Stored data ->
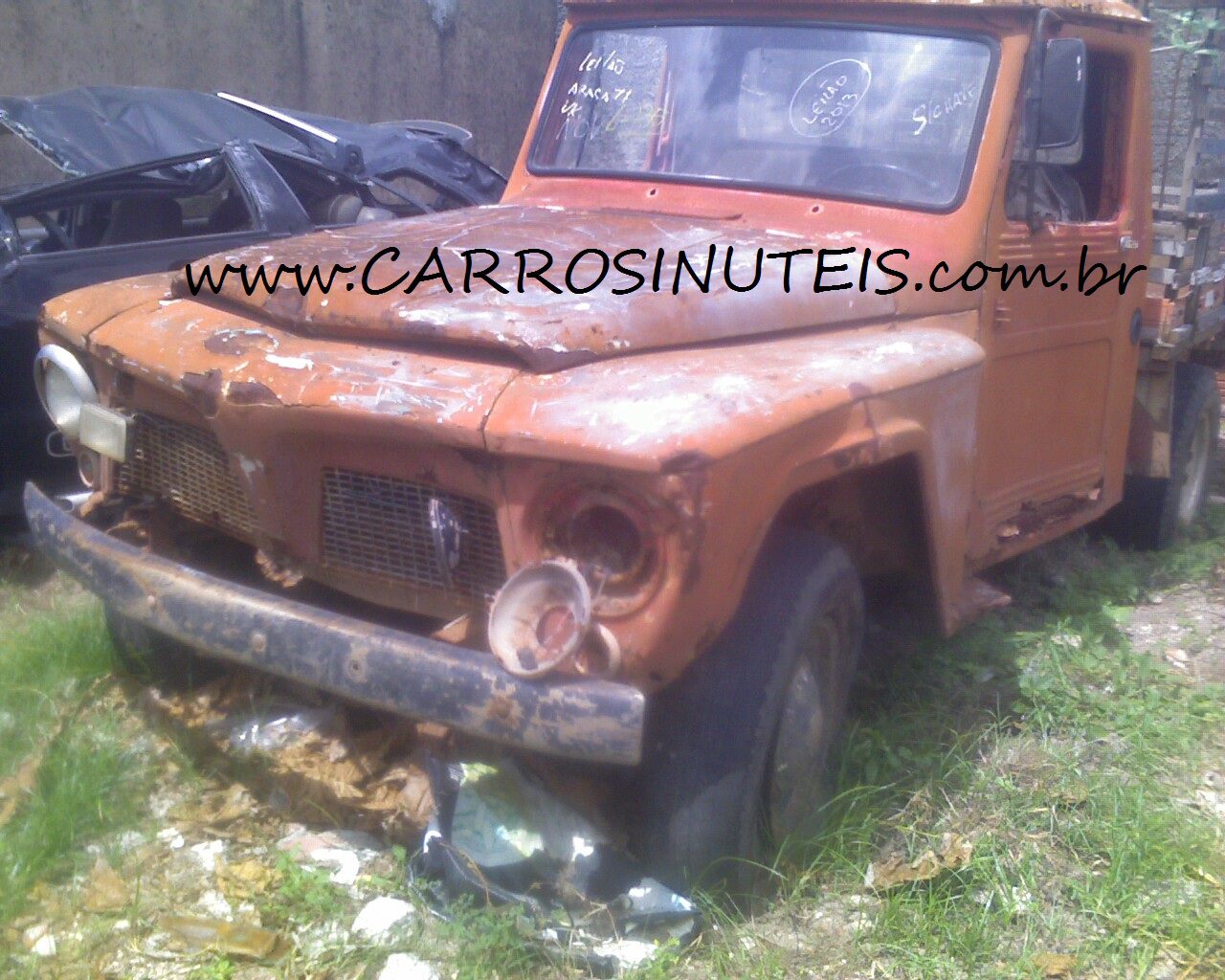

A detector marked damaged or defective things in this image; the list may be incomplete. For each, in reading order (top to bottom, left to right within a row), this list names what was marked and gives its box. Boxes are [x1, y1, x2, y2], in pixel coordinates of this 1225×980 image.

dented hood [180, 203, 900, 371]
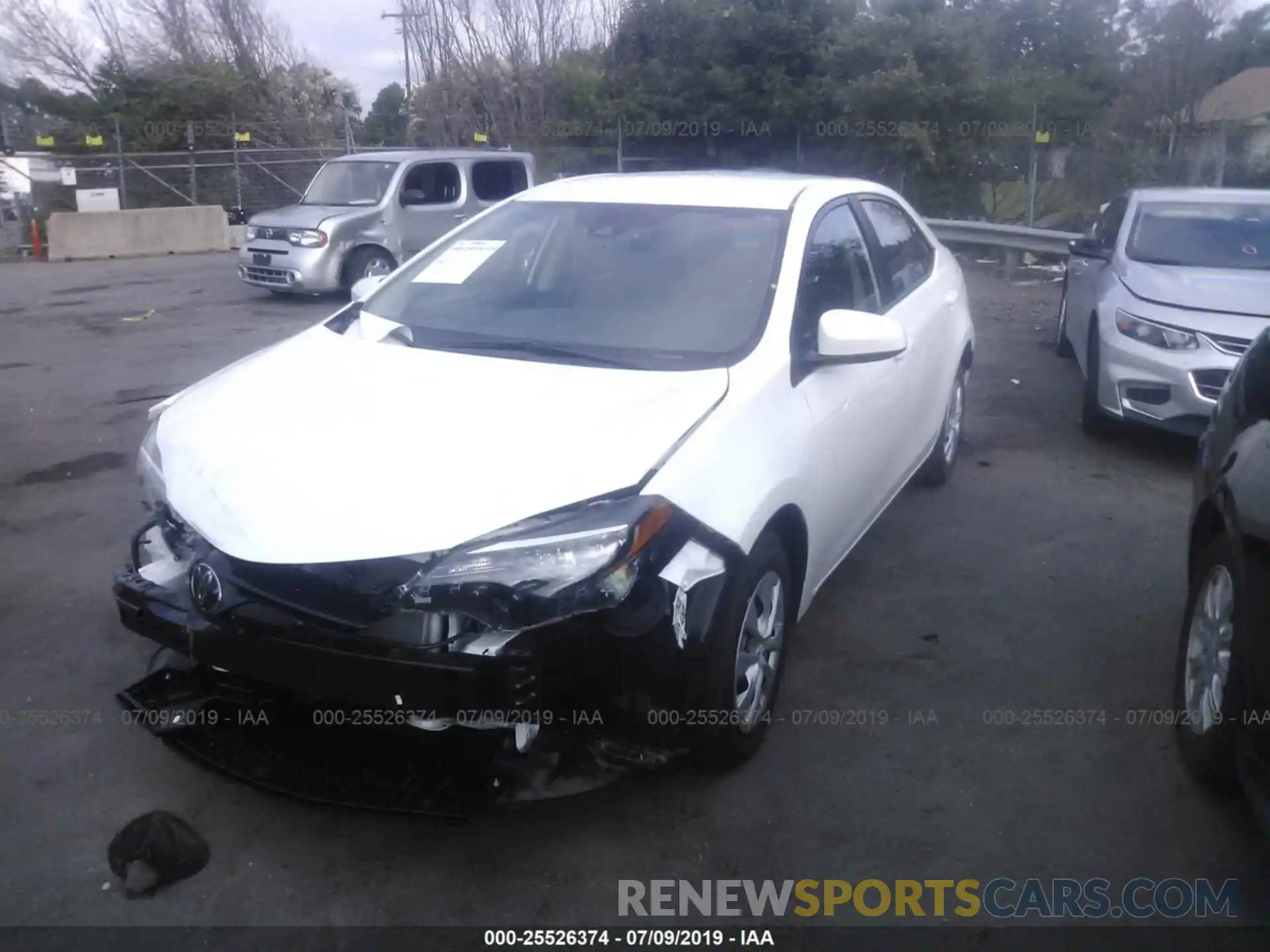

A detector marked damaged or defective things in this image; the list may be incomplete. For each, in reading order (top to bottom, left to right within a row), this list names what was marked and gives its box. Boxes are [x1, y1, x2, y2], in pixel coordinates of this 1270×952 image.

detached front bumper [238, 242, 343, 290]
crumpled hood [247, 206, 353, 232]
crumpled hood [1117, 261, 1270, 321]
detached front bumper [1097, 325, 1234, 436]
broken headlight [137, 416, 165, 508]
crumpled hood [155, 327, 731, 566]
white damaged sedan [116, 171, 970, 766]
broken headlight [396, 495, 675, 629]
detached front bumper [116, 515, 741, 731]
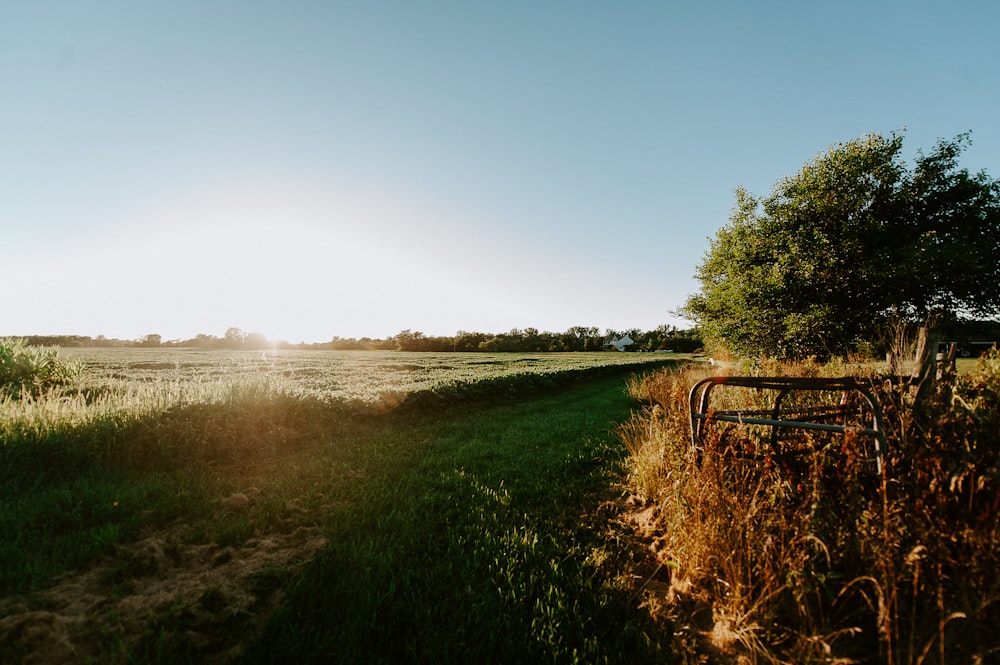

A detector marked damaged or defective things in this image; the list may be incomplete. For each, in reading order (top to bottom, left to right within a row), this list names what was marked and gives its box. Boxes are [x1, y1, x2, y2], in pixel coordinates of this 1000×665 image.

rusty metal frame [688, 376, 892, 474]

Required work ->
Hand back the data above exactly, leaving out all pictures.

Written solution ->
A detector marked damaged or defective things in this image; the list may be incomplete. For each, in reading order (top to bottom, left to right within a row), this list names what was marked and gives its box. Boxes are [x1, y1, x2, y2], in pixel coordinates of this 1225×980 image.

dented hood [180, 203, 900, 371]

A detector marked damaged or defective things in this image; the list may be incomplete. For each, in reading order (top to bottom, left to right within a row), this list names what was marked and gives its box. Boxes are [x1, y1, x2, y2], in pixel coordinates of this 1270×952 image.

detached front bumper [238, 242, 343, 290]
crumpled hood [247, 206, 353, 232]
crumpled hood [1117, 261, 1270, 321]
detached front bumper [1097, 325, 1234, 436]
broken headlight [137, 416, 165, 508]
crumpled hood [155, 327, 731, 566]
white damaged sedan [116, 171, 970, 766]
broken headlight [396, 495, 675, 629]
detached front bumper [116, 515, 741, 731]

A detector marked damaged or defective things in this image; the list may be incomplete. For each, in reading order (top to bottom, left to right within a row), this list names what was marked and gives its box. Boxes are [x1, y1, x2, y2], in pixel coordinates of this 1000×665 image.

rusty metal frame [688, 376, 892, 474]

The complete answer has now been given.